America's place in global trade is imperiled thanks to protectionist politicians, and the first step to fixing the problem is concluding a new trade deal with Mexico and Canada, a panel of experts said at an Economic Club of Minnesota event Tuesday.
"In trade, if you're standing still, you're falling behind," said Tami Overby, an international trade consultant and former senior vice president for Asia at the U.S. Chamber of Commerce. "The rest of the world is moving. America, I'm sad to say, is falling behind."
Recent progress on a long-awaited trade deal with Mexico and Canada, known in the U.S. as USMCA, has raised hopes that an agreement can be reached in the near term.
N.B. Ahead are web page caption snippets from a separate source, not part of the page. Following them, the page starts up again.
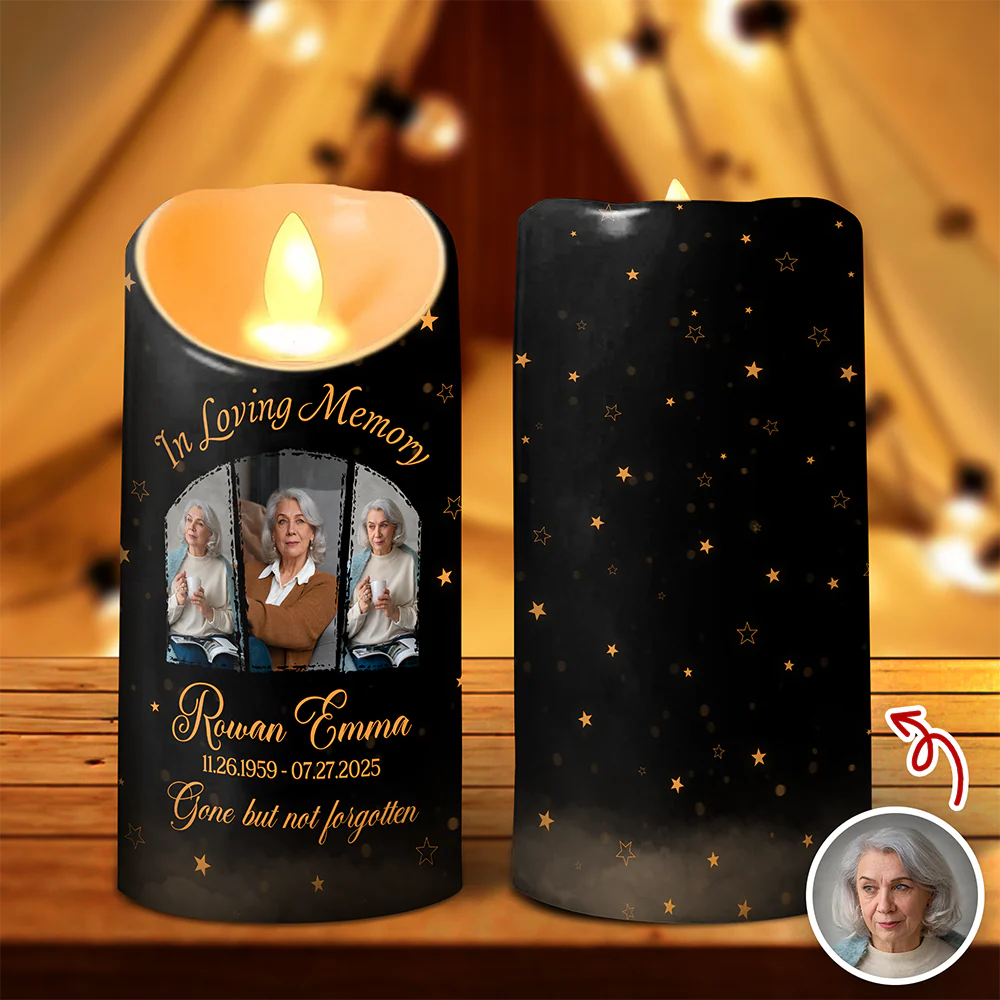 Custom Memorial Photo In Loving Memory Gone but Never Forgotten Led Candle CH07 896248 - Image 2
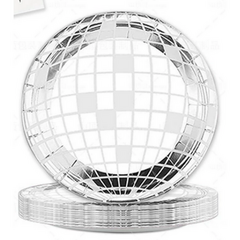 Тарелки Диско шар металлик 23 см 6шт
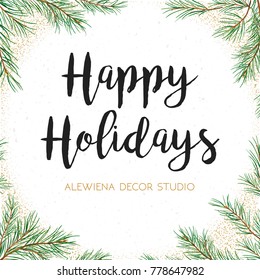 Vector greeting card, invite: Pine tree greenery branches, green spruce needles & golden glitter wreath garland border, frame. Cute, festive watercolor illustration. Merry Christmas text space design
But that would be only the first step in rebuilding trust in the U.S. around the globe, and the agreement's chances of ratification heading into a presidential election year are rapidly dimming.
Without USMCA, the chances that President Donald Trump will be able to end the trade war with China are even dimmer, said Kevin Paap, the president of the Minnesota Farm Bureau.
"He won't get anywhere with China without USMCA," Paap said. "If I'm China, negotiating, why would I take anybody seriously that can't do a deal with their two closest neighbors?"
Their comments, made during a luncheon attended by hundreds in downtown Minneapolis, came just hours after Trump signaled he felt no pressure to end the trade war with China and that he was willing to wait until after the 2020 election.
"I have no deadline," Trump said on the sidelines of the NATO summit in London. "In some ways I like the idea of waiting until after the election for the China deal."
In his first action on trade as president, Trump took the U.S. out of the Trans-Pacific Partnership, a hard-fought set of rules put together by 12 nations including the U.S. under President Barack Obama. Another panelist at Tuesday's meeting in Minneapolis, Devry Boughner Vorwerk, a former top executive at Cargill, called that a grave error with long-term consequences. "I'm not being political here because neither presidential candidate in the last election supported TPP," Vorwerk said.